Shore Musings is Collin Hall’s column about life on the shore, the good and the bad. Collin is the editor of Do the Shore and lives in Villas.
There’s so much corniness, such much trite about the word “fresh.” Roll up to McDonald’s and they’ll sell you something “fresh,” sure- and to some extent, they mean it. They crack the eggs on-site for each McMuffin, ya know…
But it’s hard to cut through the noise. Customers know in their hearts that they should look for something “real” in what they eat, but getting there is so difficult. Walmart has a new brand focused on freshness with their BetterGoods label, and the pitch is right there in the name. We know our other stuff wasn’t so good, but these goods are better… And they sell some really crazy stuff.

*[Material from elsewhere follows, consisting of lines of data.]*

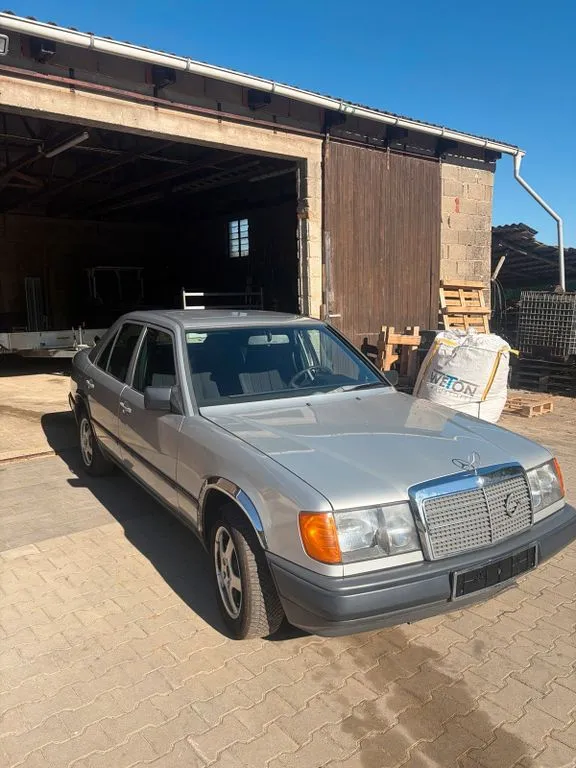 Mercedes-Benz 200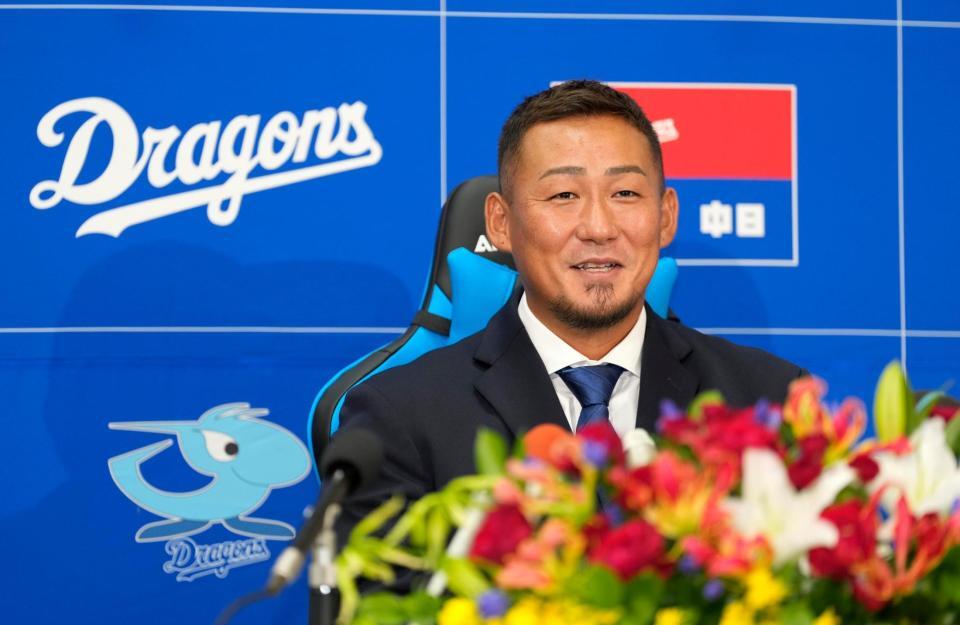 　今季限りでの現役引退について記者会見する中田
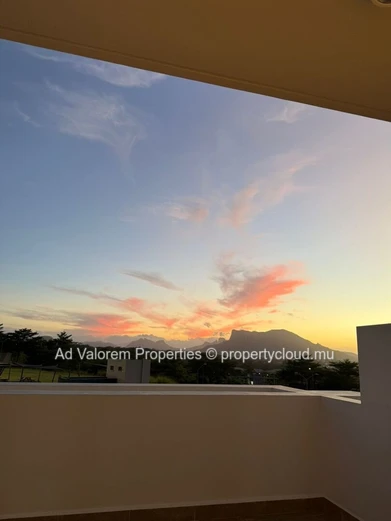 À VENDRE – Appartement moderne avec vue dégagée | Bagatelle Hills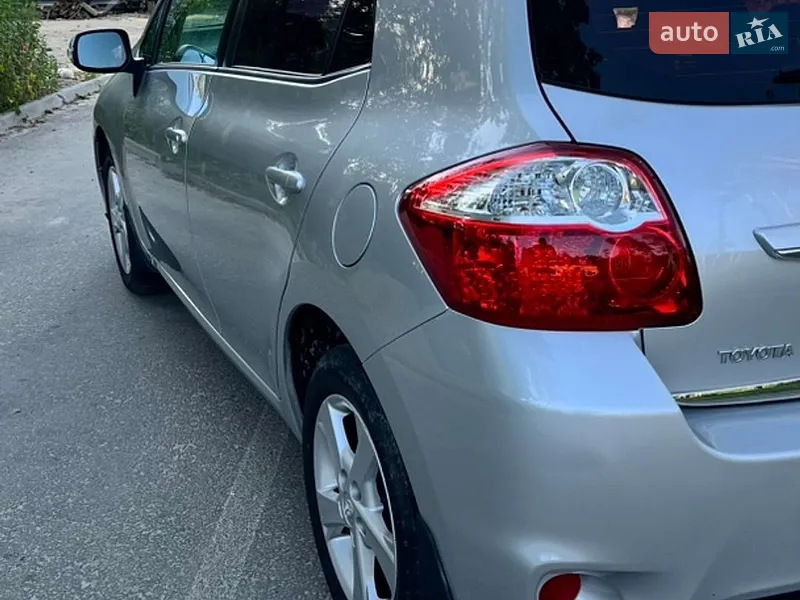 Toyota Auris 2011 VIN NMTKV56E40R088668 фото оголошення 12 з 69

Here’s a product name I saw on the shelf: “Finely Ground Cassava Flour Guacamole-Flavored Tortilla Chips made with 100% Avocado Oil.” Or how about the “Crafted Artisanally Pistachio Nut Butter, made in Italy.”
What does it all mean? The packaging won’t tell you. And like, does it really matter if it was made in Italy? I live in New Jersey, man. It’s great to want freshness at Walmart but the real thing is right here at your doorstep, at places like Rea’s Farm and Duckies Farm Market in West Cape May. You know that stuff is fresh because it grew it out of the ground, you can see it, can touch it.

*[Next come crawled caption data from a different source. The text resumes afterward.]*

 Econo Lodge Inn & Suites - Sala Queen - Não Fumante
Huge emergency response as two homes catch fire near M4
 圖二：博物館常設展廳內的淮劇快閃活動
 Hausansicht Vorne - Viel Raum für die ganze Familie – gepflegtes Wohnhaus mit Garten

But obviously, that’s not how economies of scale work. I certainly can’t afford to get all local stuff. It’s still great to eat a Mexican bell pepper from Aldi.

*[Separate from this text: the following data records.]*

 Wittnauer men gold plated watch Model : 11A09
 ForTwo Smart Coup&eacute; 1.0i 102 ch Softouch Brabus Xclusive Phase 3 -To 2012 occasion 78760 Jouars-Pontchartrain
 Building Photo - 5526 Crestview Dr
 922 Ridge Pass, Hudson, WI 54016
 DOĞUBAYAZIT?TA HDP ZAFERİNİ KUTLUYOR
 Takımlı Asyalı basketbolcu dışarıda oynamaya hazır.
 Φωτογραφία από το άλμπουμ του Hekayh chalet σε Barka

I think a lot about HYPER REALITY, the idea that we live in a world where the real thing and the unreal thing are indistinguishable. I have a sticker big and bright on my water bottle to make others think about it, too.
So it is that I go through the grocery store in a haze, looking sometimes for what’s real. I try to quantify layers of abstraction and rank things on my honesty meter. I think back to the Better Goods items. Does “made in Italy” actually indicate quality or is there like, a factory farm over there that doesn’t mean jack about the taste? How much chicken is in the chicken nugget? Why do Kraft Cheese slices say that they are a “Pasteurized Process Cheese Food?” It’s a world of dishonesty.
And for this reason, Trolli Sour Gummy Worms have earned my respect. They’re not real worms and everybody knows it, they aren’t healthy and everybody knows it. They’re neon blue, for God’s sake. Can you think of a fruit of the Earth that pokes out of the ground in neon blue? They aren’t fooling anybody. So Trolli is fake, but it’s real because its honest.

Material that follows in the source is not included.